How Legislators Respond to Constituent Requests

We devised a way to probe for class biases in state legislators’ responses to simple constituent requests. We had constituents make requests, and we randomly varied how the constituents who made the requests described themselves. In some correspondence, the constituents described themselves as white-collar professionals, and in other correspondence they introduced themselves as dishwashers – blue-collar workers. Aside from self-described occupations, everything else in the constituent requests was the same. This research technique allowed us to pinpoint the effect of legislators’ perceptions of the social background of constituents.

The results were clear. We did not find evidence of class biases in legislators’ responses.

  • State lawmakers responded equally to the blue-collar and the professional constituent. The number of responses, the content of responses, and the timing of the responses were the same on average for both types of constituents. 
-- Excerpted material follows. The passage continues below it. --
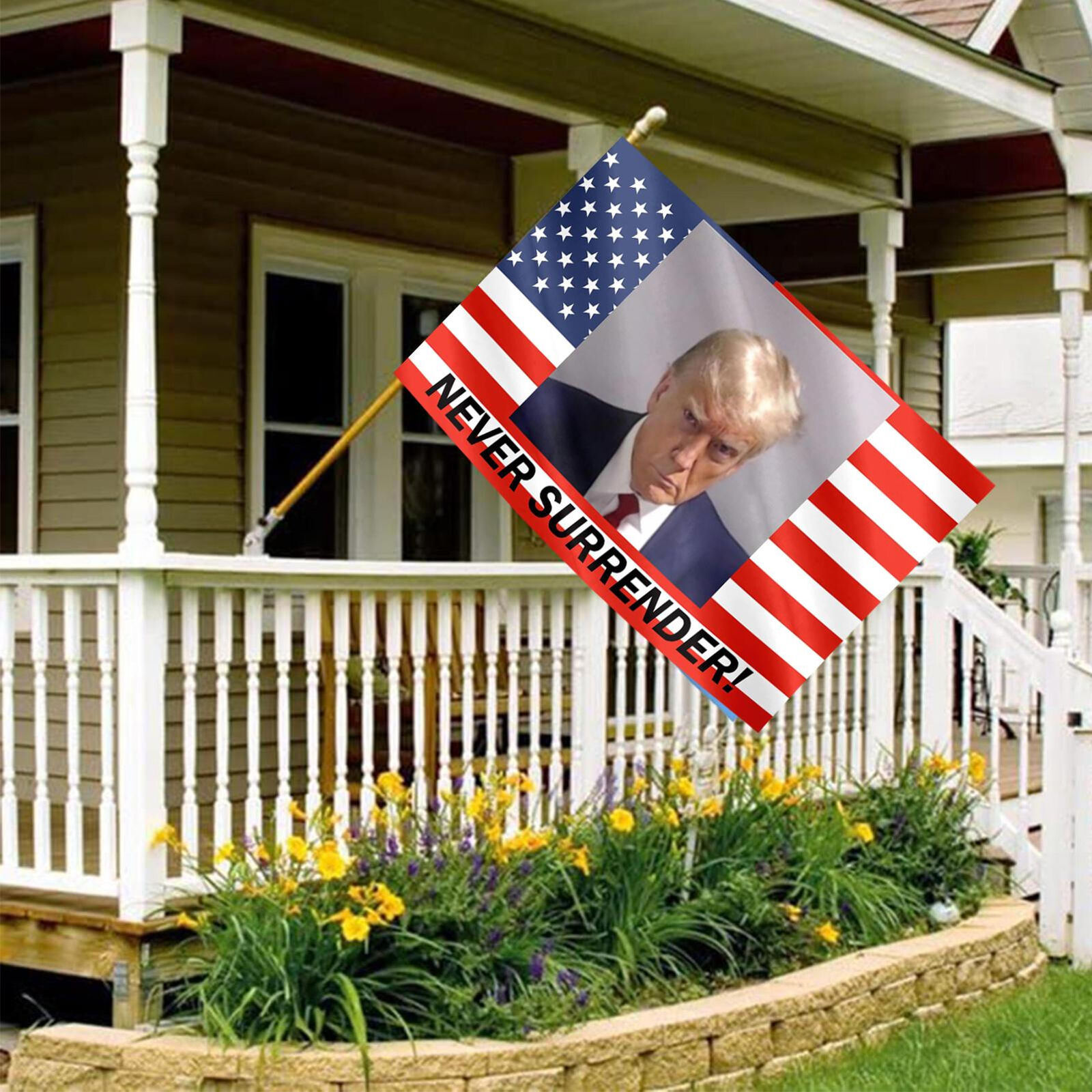 Trump 2024 Never Surrender Mug Shot Flag - 3x5Ft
  • Republicans and Democrats responded in about the same ways, as did longtime legislators compared to newcomers in office, and legislators with small versus large staffs. 

  • On some of the dimensions we measured, legislators actually responded slightly more favorably to the blue-collar constituents than to the professionals. 

If Not Class Prejudices, What?

When the costs of meeting requests are relatively low, our research suggests that politicians show no prejudice against the poor. Things may be different, of course, in high-stakes situations or political negotiations. We can imagine, for example, that politicians might be more willing to answer the phone or make a phone call to constituents who might write big checks for the next election. But strategic considerations are at work in such a situation, not simple social prejudices.

If the kinds of prejudiced beliefs that seem to sustain racial inequalities were behind social class inequalities in political responsiveness, we would be very concerned, because engrained prejudicial tendencies are notoriously difficult to counter or eliminate. Fortunately, as our study shows, class appears different from race. The finding that legislators do not respond to individual constituents in a class-based way offers a ray of hope for those who want the U.S. to become more equal. But it is just a slender ray in an otherwise gloomy picture. Well-documented unequal responsiveness in government policymaking remains to be understood. Factors other than personal prejudices must be at work.

Our research suggests the need to analyze the environments in which politicians operate and the strategies they follow to cope with challenges they face. Do politicians end up attending more to the rich in the course of using established tactics for winning elections? Do they attend to input from the rich when they make choices about policies to pursue once they are in office? If pressures and opportunities in the strategic environments of politicians turn out to be what pushes so many of them toward unequal attentiveness to the rich, then reforms that target environmental pressures will be the key to promoting greater political equality.

Much more needs to be learned before we can conclude exactly what needs to be done – and of course reforms involving campaign finance or lobbying will be difficult to fashion and achieve. The research we report here can, however, help researchers and reformers know where to look. Personal biases against the poor do not seem to be the cause of unequal responsiveness. The answers must lie elsewhere. And that leaves room for hope. Political environments may not be easy to change, but they are easier to modify than ingrained personal prejudices.

Draws from research in John Holbein and Nicholas Carnes, “Don’t Take It Personally: Affluence, Influence and Prejudice,” Sanford School of Public Policy, October 2013.